>>>>

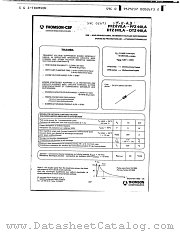 DTZ440A datasheet pdf SGS Thomson Microelectronics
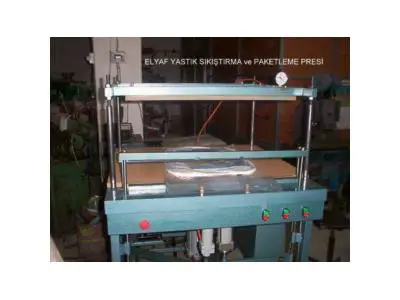 Pillow Compression and Packaging Machine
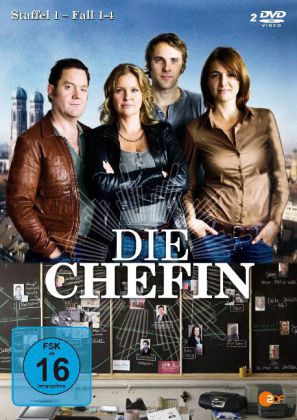 Die Chefin, 2 DVDs. Staffel.1 main product photo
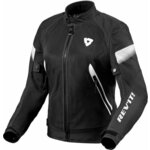 Rev'it! Jacket Control Air H2O Ladies Black/White 42 Tekstilna jakna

<<<<

▶ **Problem**: Pictures are not part of the copy. Reproduce the lines from the one with "Die Chefin, 2" through the end of the listing above.

▶ **Written solution**:
 Die Chefin, 2 DVDs. Staffel.1 main product photo
 Rev'it! Jacket Control Air H2O Ladies Black/White 42 Tekstilna jakna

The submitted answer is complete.